What you should do: The records that follow are to be given again exactly. Do not carry over any image.

(Collected data)

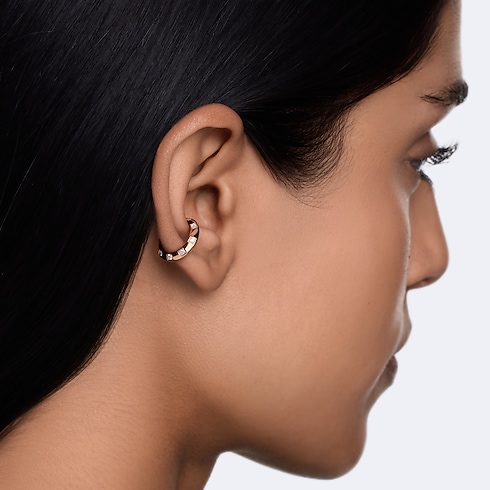 Jewellery - Le Damier de Louis Vuitton Ear Cuff, Rose Gold and Diamonds Jewellery Categories Earrings | LOUIS VUITTON (Product zoom)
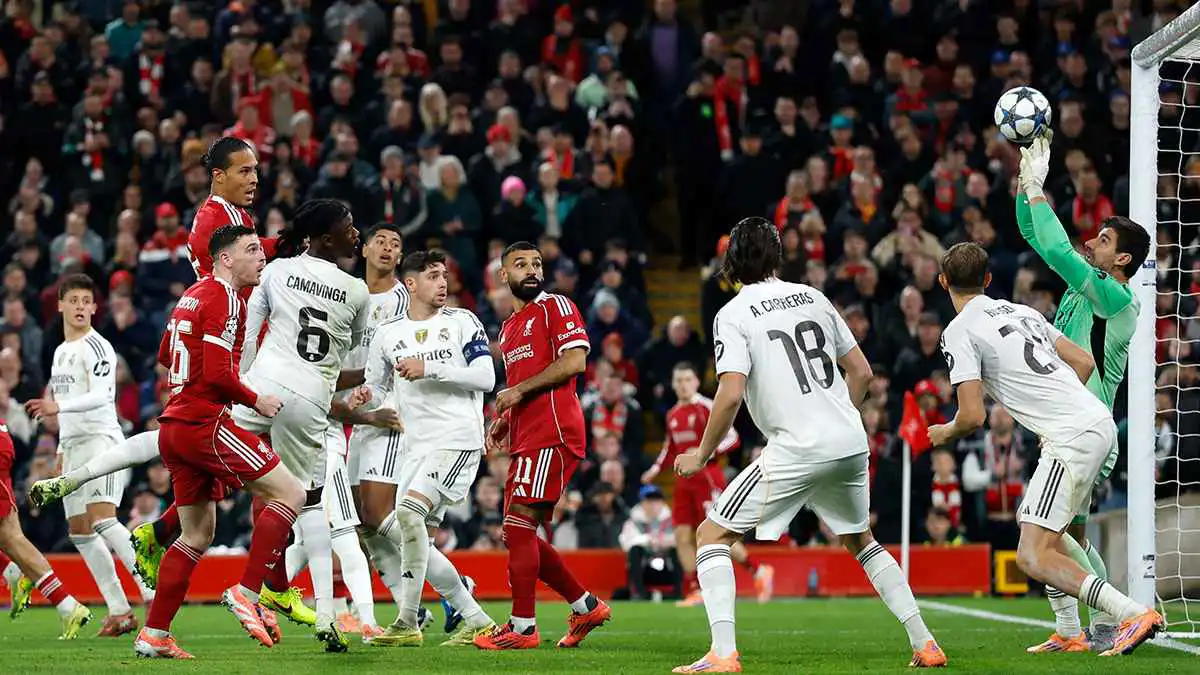 من مباراة ريال مدريد وليفربول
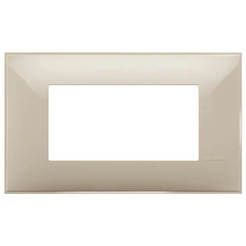 Рамка за 4 модула крем Classia Bticino италиански стандарт LEGRAND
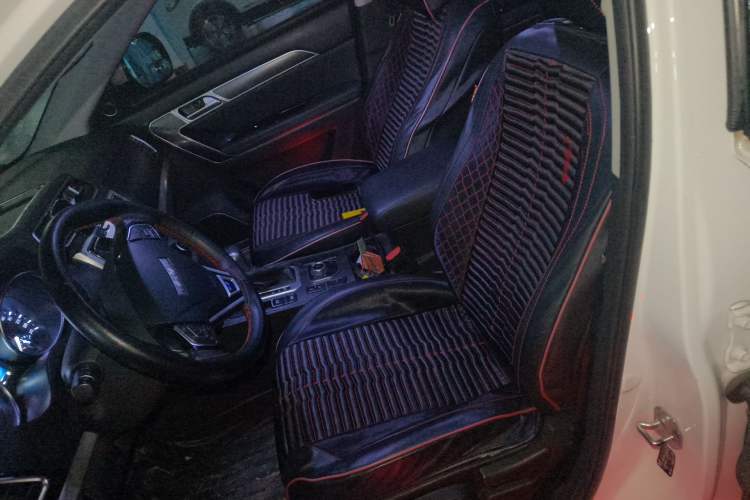 Used Haval H6 Coupe 2016 Blue Label 1.5T Automatic Two-Wheel Drive Urban Model
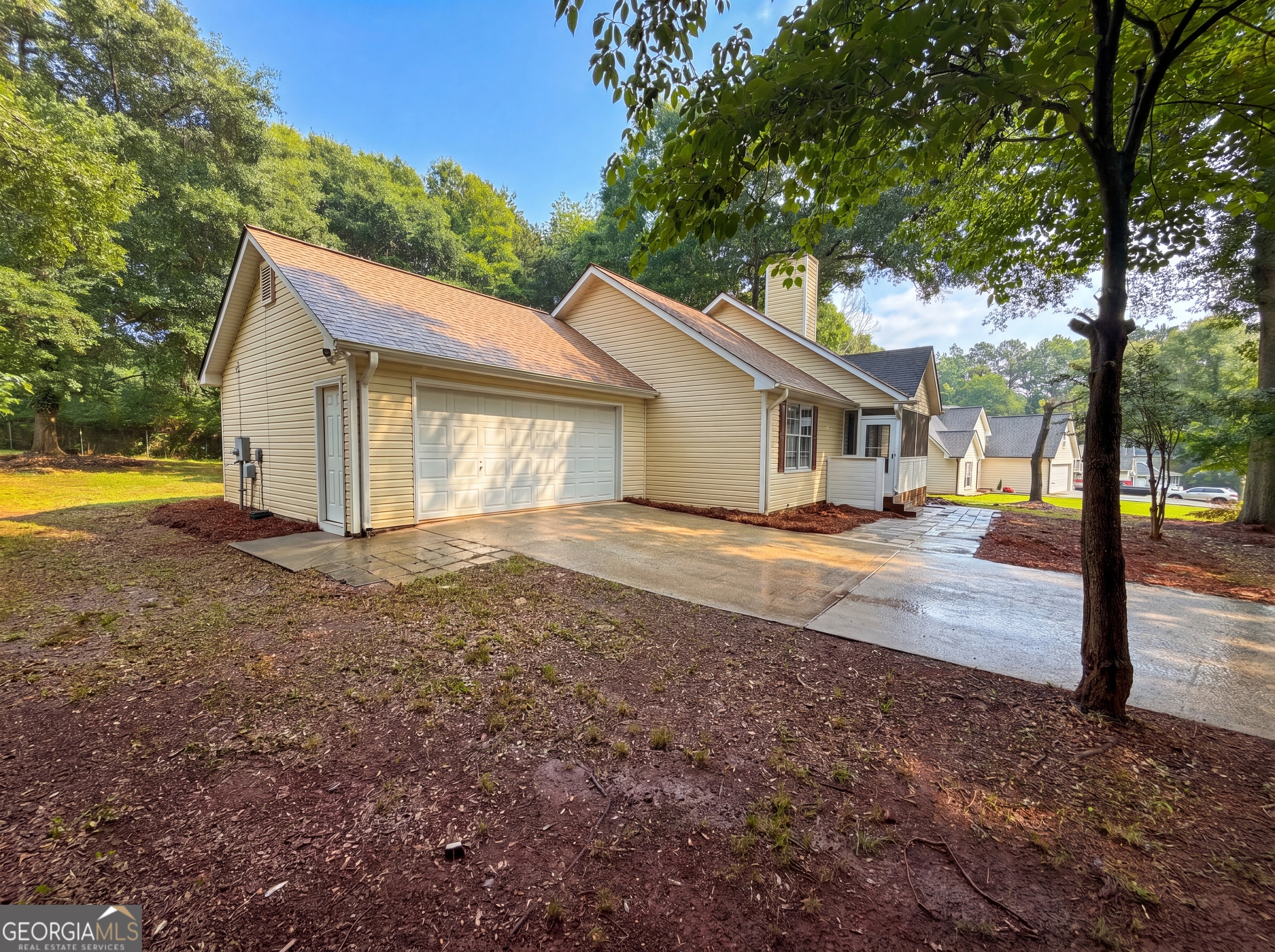 160 Regency Drive Property Photo 3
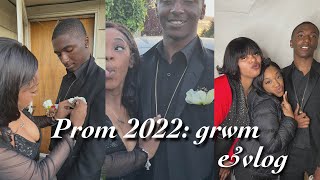 We’re Back!! So come to prom with us !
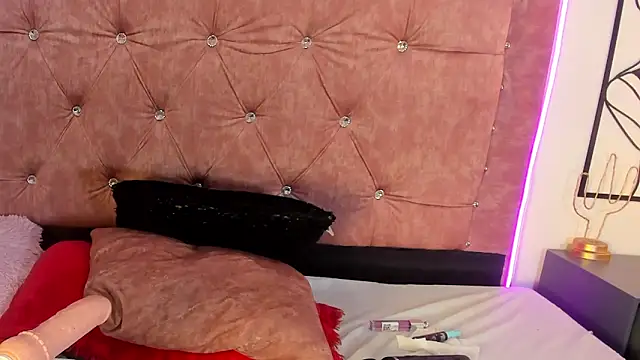 Violetta Ficher online show from 18, 3, 2025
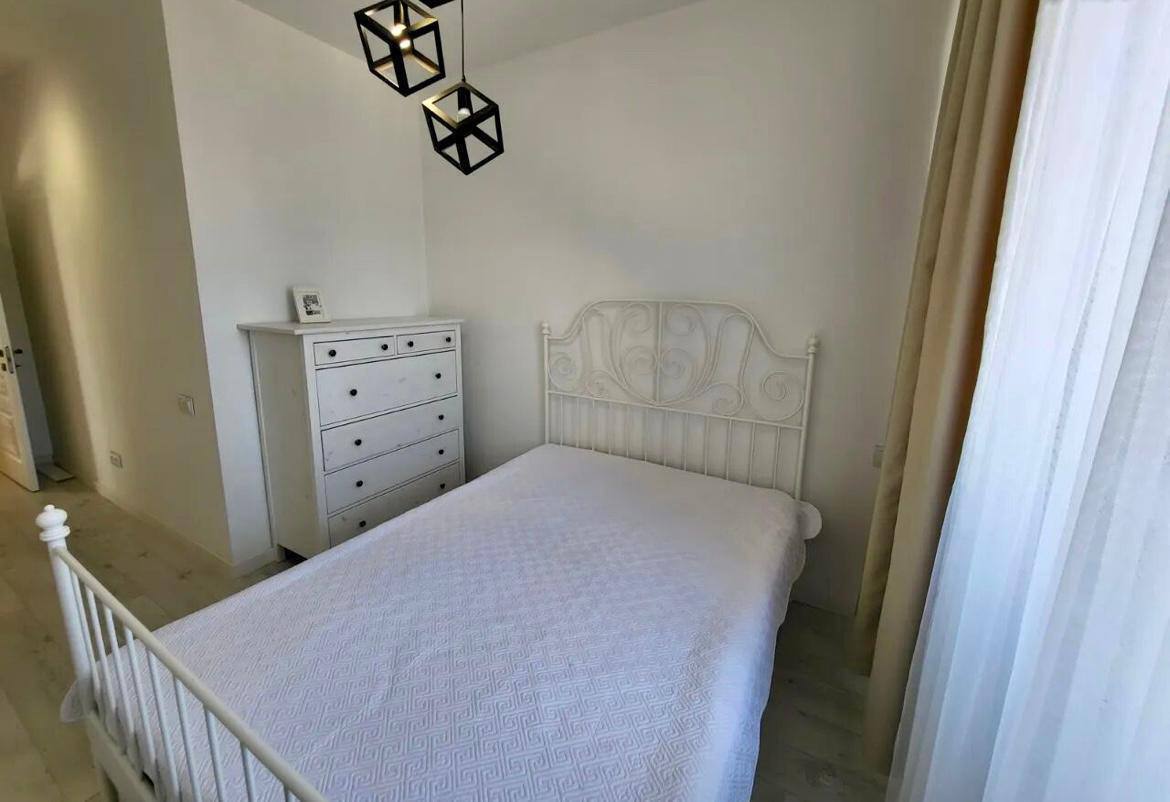 Furnished 4-Bedroom Apartment in Kentron photo 5 of 8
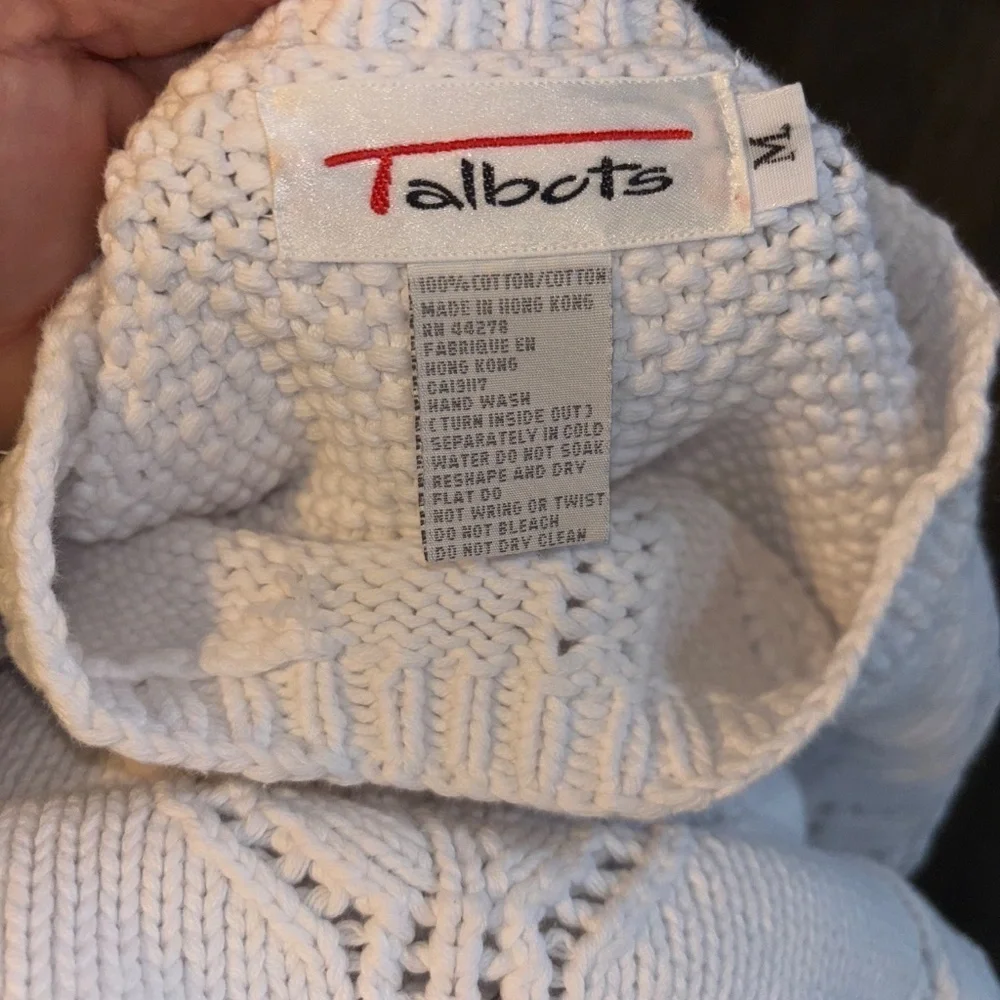 Talbots 💯 cotton chunky knit white sweater Sz medium excellent condition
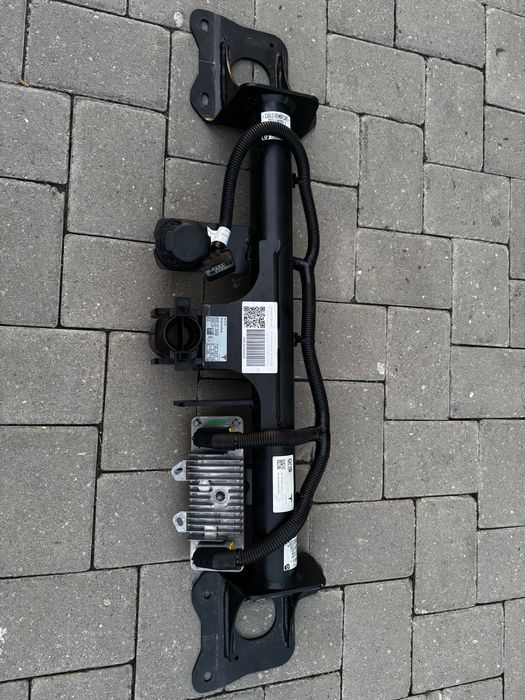 Vand cablu pentru carlig Tesla Model Y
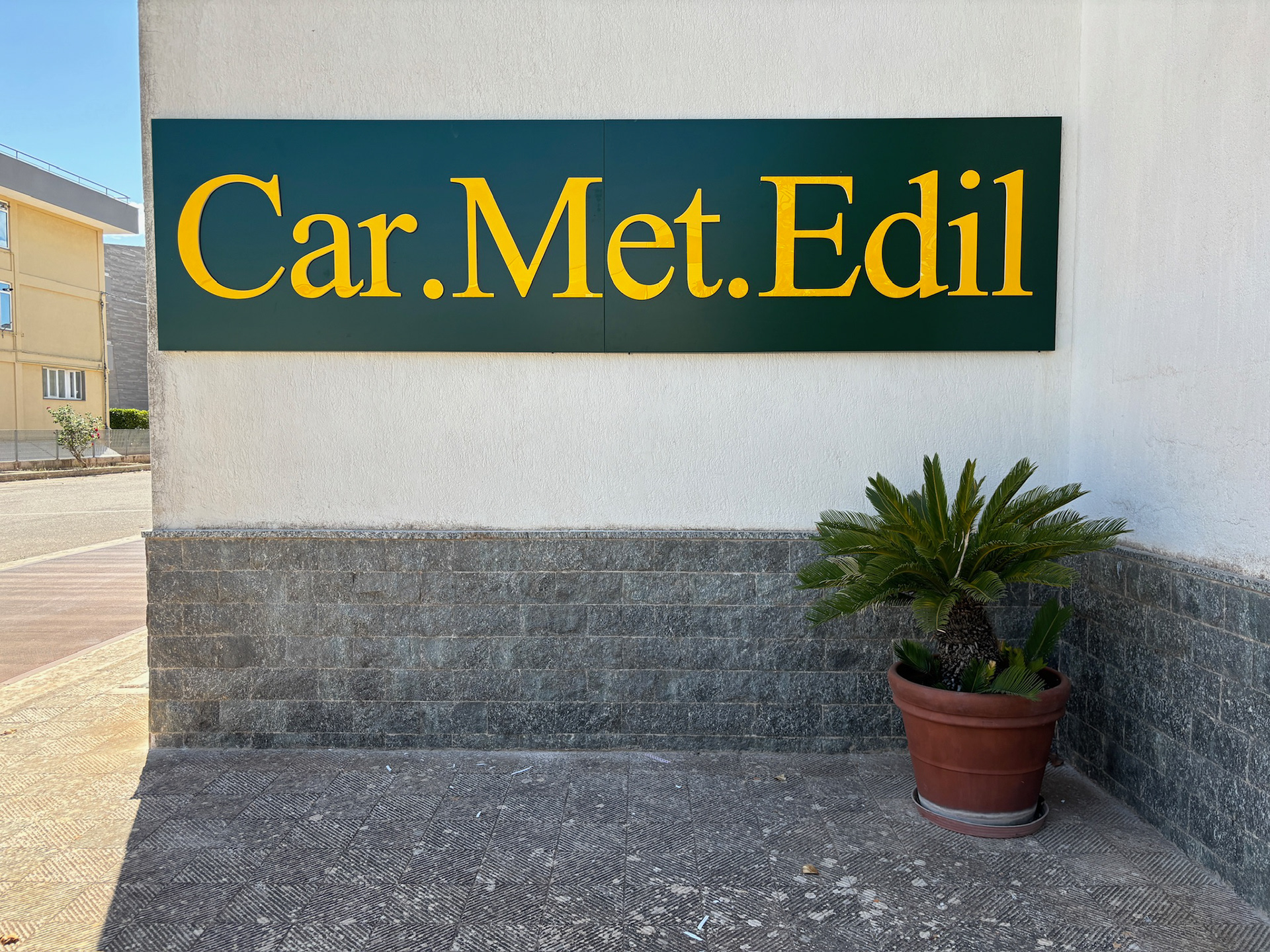 Insegna in alluminio con lettere a rilievo in PVC espanso con finitura in PMMA giallo.  Car. Met. Edil a Martina Franca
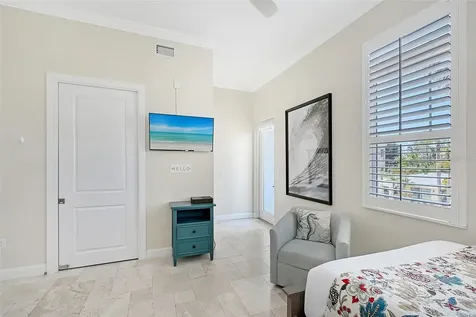 1021 Crescent Street Sarasota FL 34242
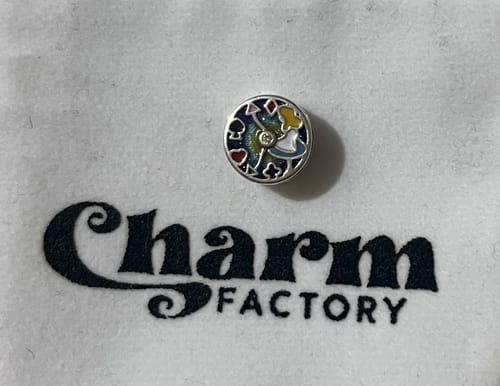 Customer photo review of Charm Reloj de Alicia en el País de las Maravillas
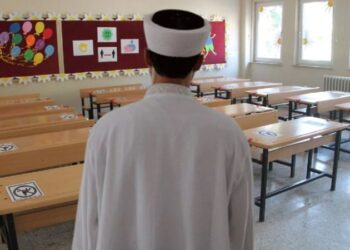 Turkey makes Muslim prayer rooms mandatory in educational boarding houses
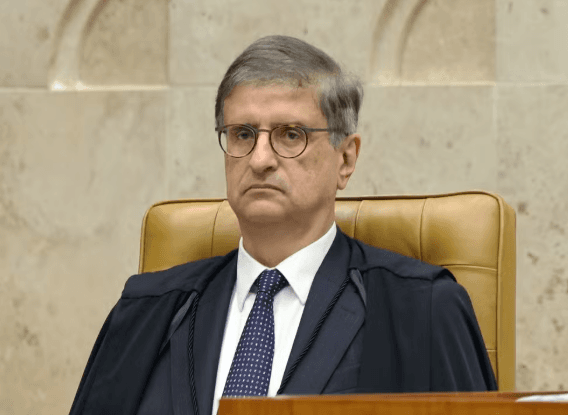 PGR pede ao STF que negue acesso a visitas de esposa de Moraes e Vorcaro ao Senado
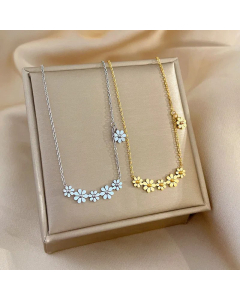 Sweet Charm Flower Titanium Steel Plating Necklace Colorza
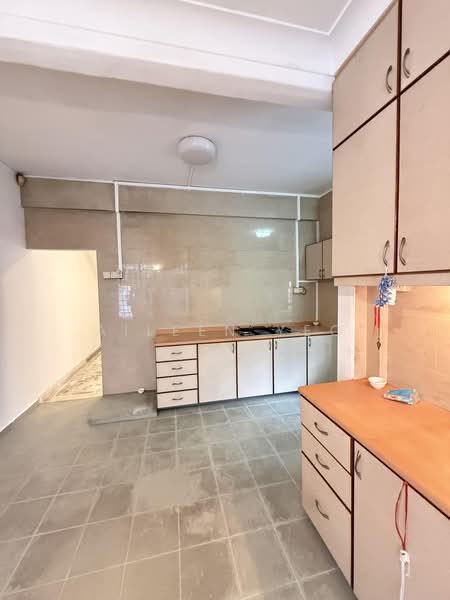 Landed Sembawang for Rent, Sembawang road, 3 Bedrooms, 2,700 sqft, Terraced House For Rent, by Aileen Yeo, 500219535 - Kitchen - PropertyGuru.com.sg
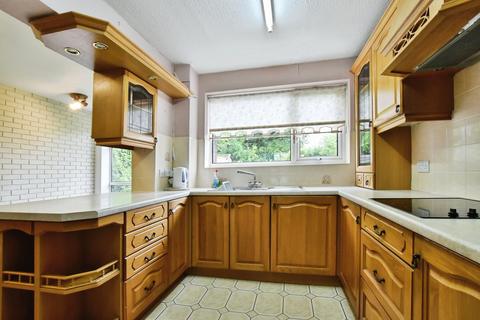 3 bedroom semi-detached house for sale, Serin Close, Stockport SK2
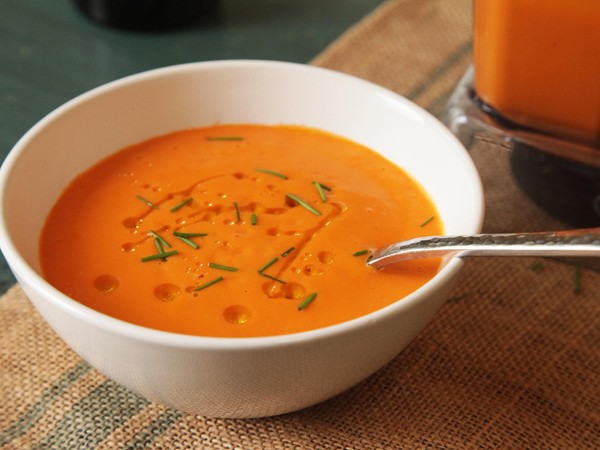 No-cook blender tomato soup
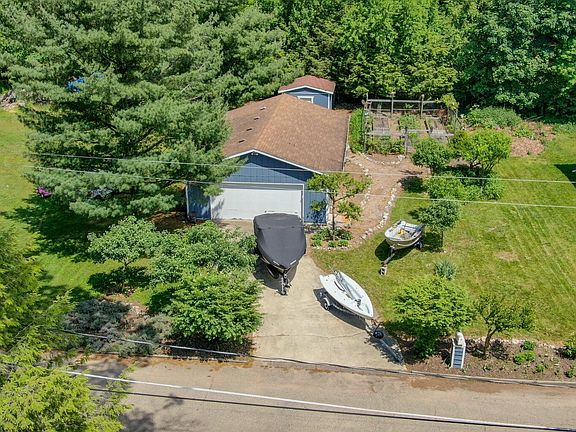5th image of 815 E Eagle Lake Dr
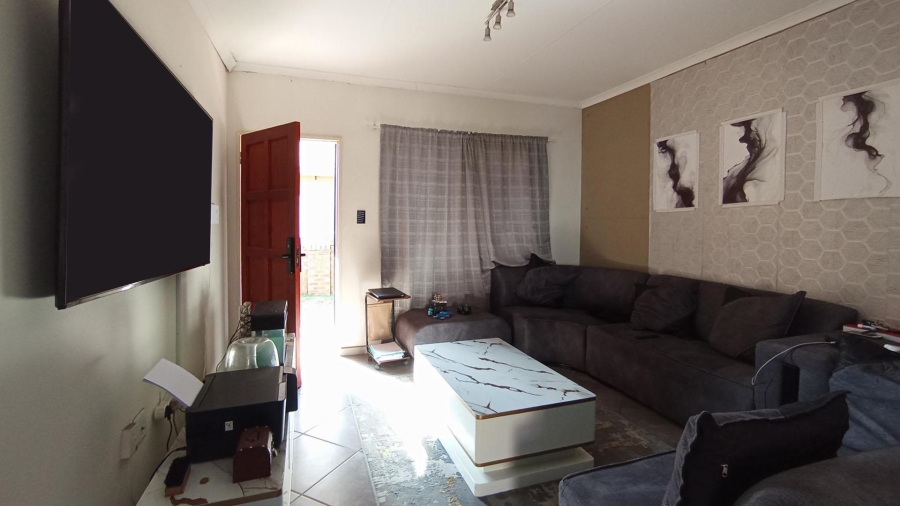 2 Bedroom Property for Sale in The Reeds Gauteng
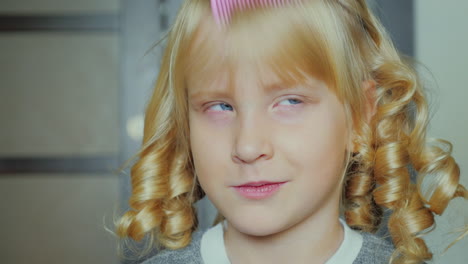 Porträt-Eines-5-jährigen-Mädchens,-Das-Make-up-Macht-3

Finished exercise:
 Jewellery - Le Damier de Louis Vuitton Ear Cuff, Rose Gold and Diamonds Jewellery Categories Earrings | LOUIS VUITTON (Product zoom)
 من مباراة ريال مدريد وليفربول
 Рамка за 4 модула крем Classia Bticino италиански стандарт LEGRAND
 Used Haval H6 Coupe 2016 Blue Label 1.5T Automatic Two-Wheel Drive Urban Model
 160 Regency Drive Property Photo 3
 We’re Back!! So come to prom with us !
 Violetta Ficher online show from 18, 3, 2025
 Furnished 4-Bedroom Apartment in Kentron photo 5 of 8
 Talbots 💯 cotton chunky knit white sweater Sz medium excellent condition
 Vand cablu pentru carlig Tesla Model Y
 Insegna in alluminio con lettere a rilievo in PVC espanso con finitura in PMMA giallo.  Car. Met. Edil a Martina Franca
 1021 Crescent Street Sarasota FL 34242
 Customer photo review of Charm Reloj de Alicia en el País de las Maravillas
 Turkey makes Muslim prayer rooms mandatory in educational boarding houses
 PGR pede ao STF que negue acesso a visitas de esposa de Moraes e Vorcaro ao Senado
 Sweet Charm Flower Titanium Steel Plating Necklace Colorza
 Landed Sembawang for Rent, Sembawang road, 3 Bedrooms, 2,700 sqft, Terraced House For Rent, by Aileen Yeo, 500219535 - Kitchen - PropertyGuru.com.sg
 3 bedroom semi-detached house for sale, Serin Close, Stockport SK2
 No-cook blender tomato soup
5th image of 815 E Eagle Lake Dr
 2 Bedroom Property for Sale in The Reeds Gauteng
 Porträt-Eines-5-jährigen-Mädchens,-Das-Make-up-Macht-3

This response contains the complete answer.